Key Points:

  • Job gains remained solid in February as employers added 275,000 new jobs over the month. 
  • The unemployment rate rose to 3.9% as the labor force participation rate held steady.
  • A look into the more detailed data shows more encouraging signs as the share of workers ages 25 – 54 with a job rose for the second month in a row.

Today’s jobs report may look somewhat confusing on the surface. Job gains were solid in February, but the unemployment rate jumped. The two surveys that power this report are somewhat at odds, but under the surface, there is a lot to like. The rise in unemployment appears to have been driven by movements on the periphery, as the prime-age employment-to-population ratio stays on the rise and job losses remain low. The rate at which currently unemployed workers are finding new work does appear to be slowing, but remains generally robust. For those worried about signs of unwelcome heat in the market after the past few months, this report is a welcome cooling breeze. And if you’re concerned about a labor market on unsteady ground, you shouldn’t be too frightened.

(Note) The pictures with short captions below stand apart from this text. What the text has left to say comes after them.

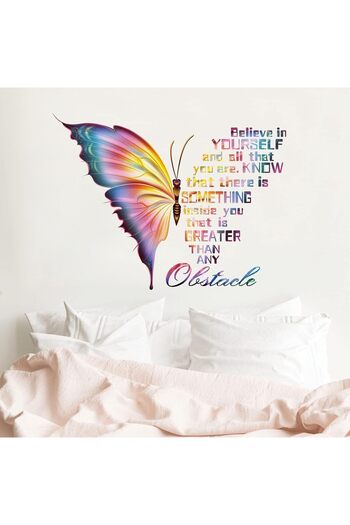 Al Raied ARS® Butterfly Believe in Yourself All That You Are Inspirational Quote Wall Decals Stickers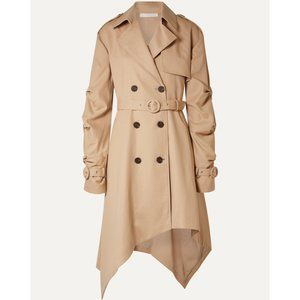 Jonathan Simkhai Asymmetric Trench Coat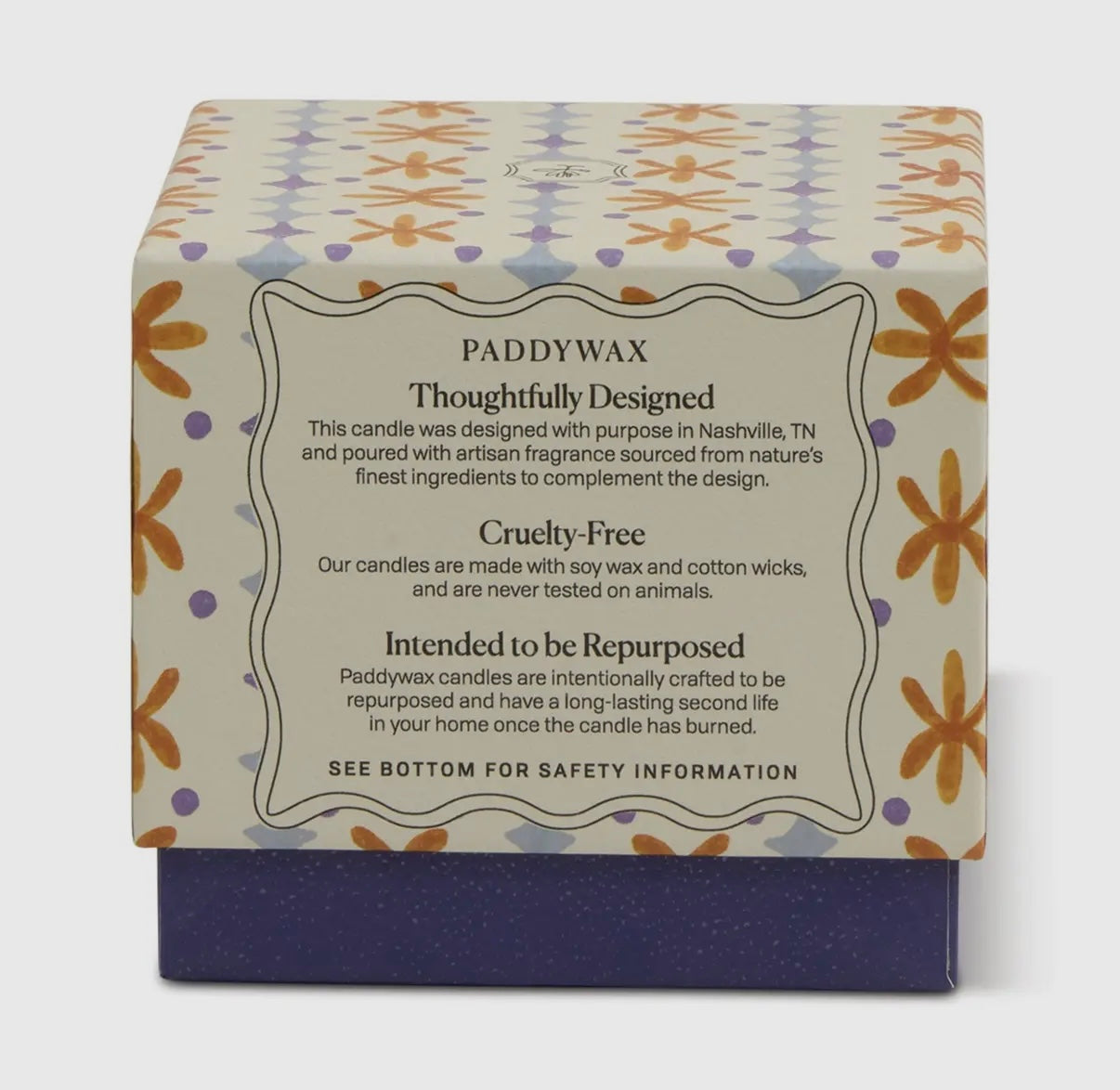 Paddywax Tulip Glass Candle - Garden & Grove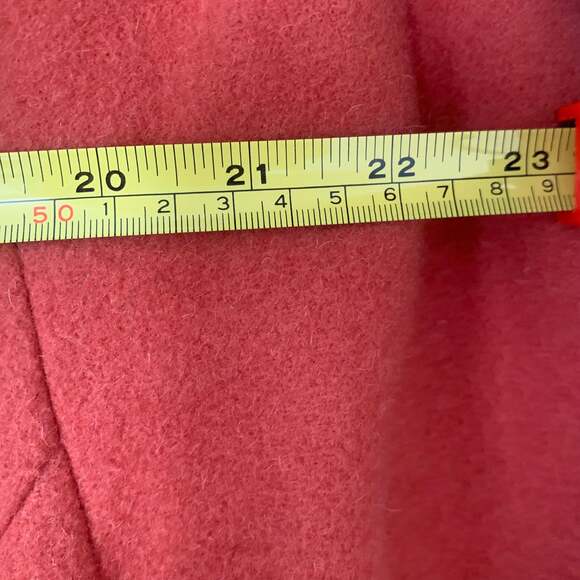 Vintage-Jessica‎ London Orange Wool Blend Car Coat Women’s 16W Plus - Picture 7 of 11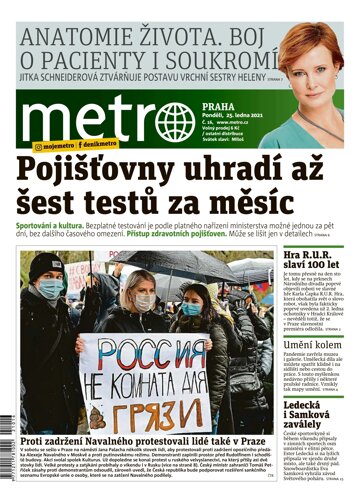 Obálka e-magazínu deník METRO 25.1.2021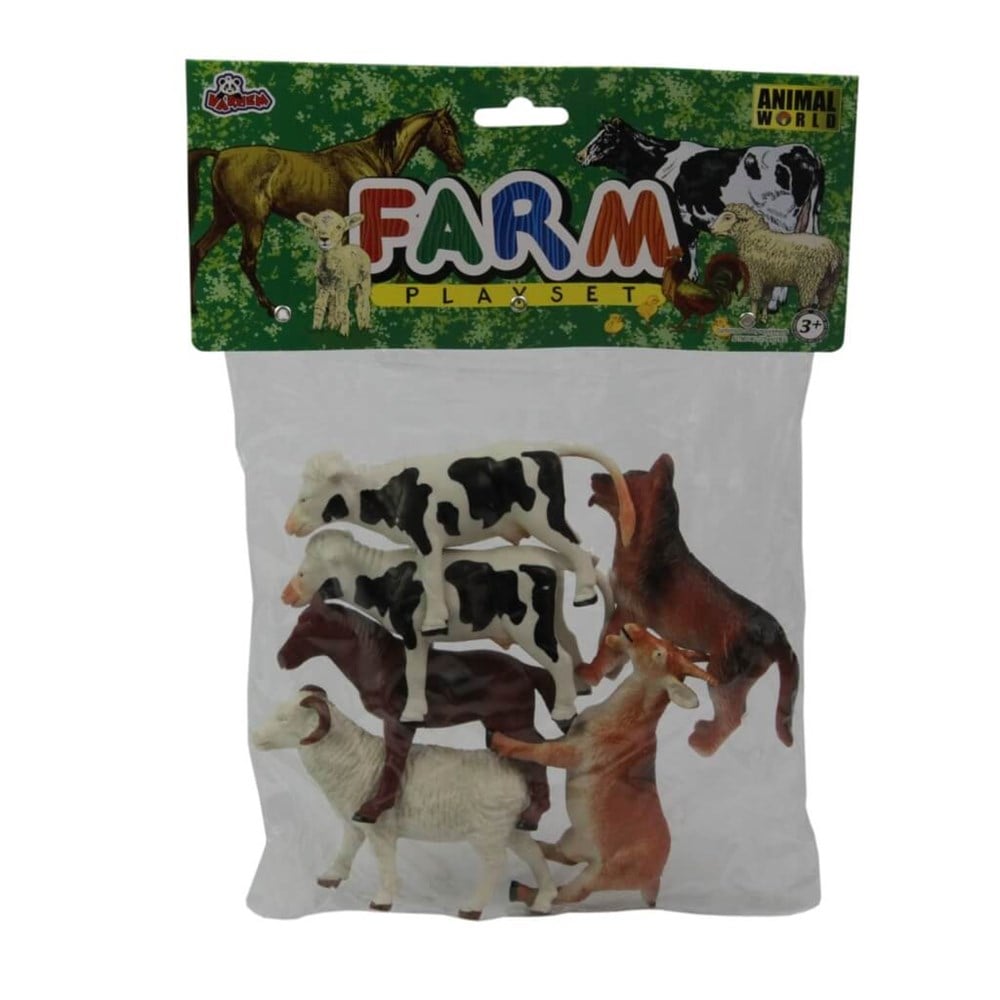 SH-PHC15070616-04 ASORTI 6PCS 6 HAYVAN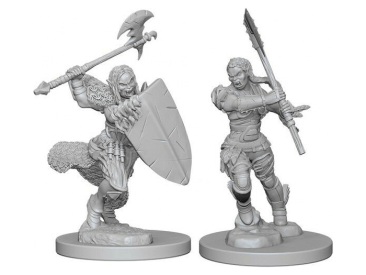 Pathfinder Battles Deep Cuts: Half-Orc Female Barbarian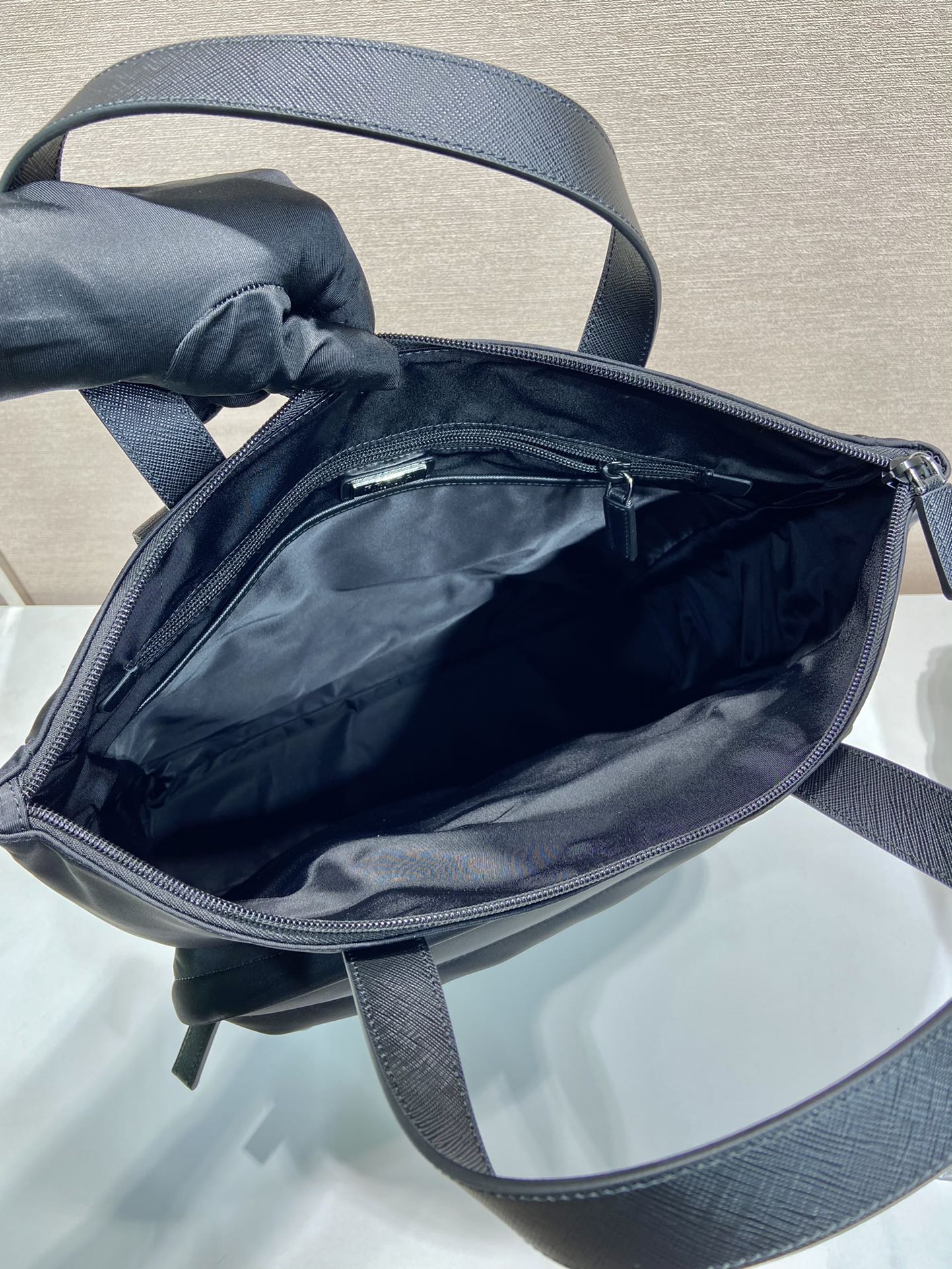 Prada Tote Bag Cow Leather 10cm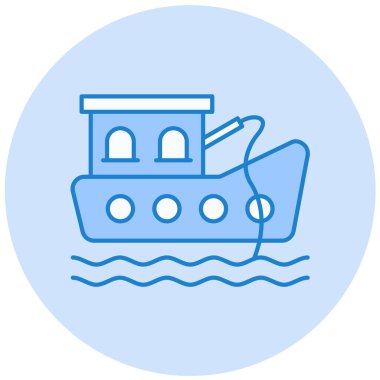 Gemi. Web simgesi basit illüstrasyon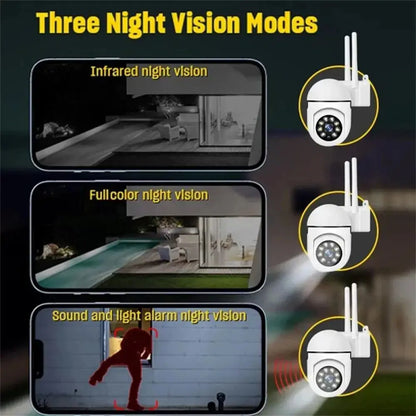 8MP Wireless Outdoor Security Camera – 4X Zoom, AI Human Tracking, Two-Way Audio & Colour Night Vision Rehmiar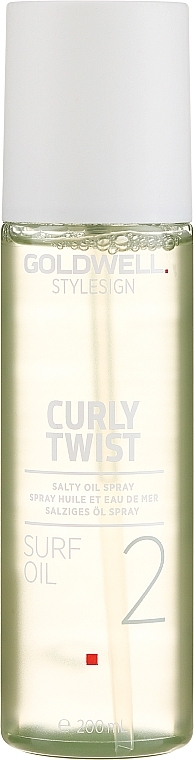 Volume & Elastic Hair Oil Spray - Goldwell StyleSign Curly Twist Surf Oil — photo N1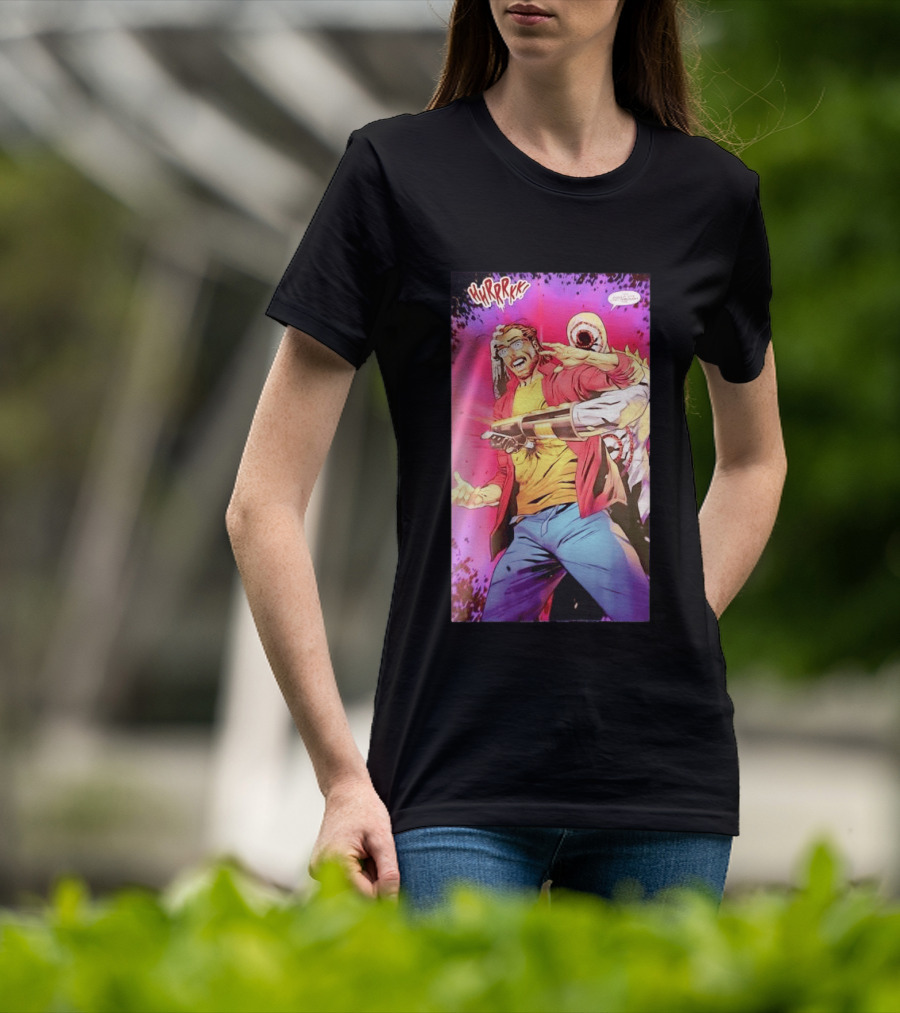 Hirrrkk Paul Rabin Spider Man Marvel Comic Action Panel T-Shirt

The establishment survey is chock full of encouraging data this month. Not only did payroll growth remain robust, but the gains were spread through the labor market. The diffusion index — a measure of how many industries added jobs over the month — came in at 62.6, its third straight month above 60. In other words, almost two-thirds of sectors added jobs last month. So while health care and social assistance once again provided the lion’s share of job gains (almost a third in February), many industries are increasing their payrolls.

On the other hand, the household survey looks troubling at first glance. The unemployment rate rose and the labor force participation rate held steady for the third straight month. But the details are more encouraging. The employment-to-population ratio for workers ages 25 to 54 increased in February and is now reversing the decline we saw near the end of last year. A similar story is true for participation rates for these prime-age workers, particularly women. After flagging somewhat towards the end of last year, the participation rate for prime-age women jumped for the second straight month by 0.3 percentage points, an encouraging return of momentum for a key group that has led the way throughout the recovery.

The Federal Reserve should be content with this report as well, as not only is employment holding up but wage growth is slowing down. After picking up in recent reports, average hourly earnings growth is trending down once again. After a few months of head fakes, it looks like the labor market is returning to last year’s familiar moderating trend. Let’s hope that keeps up.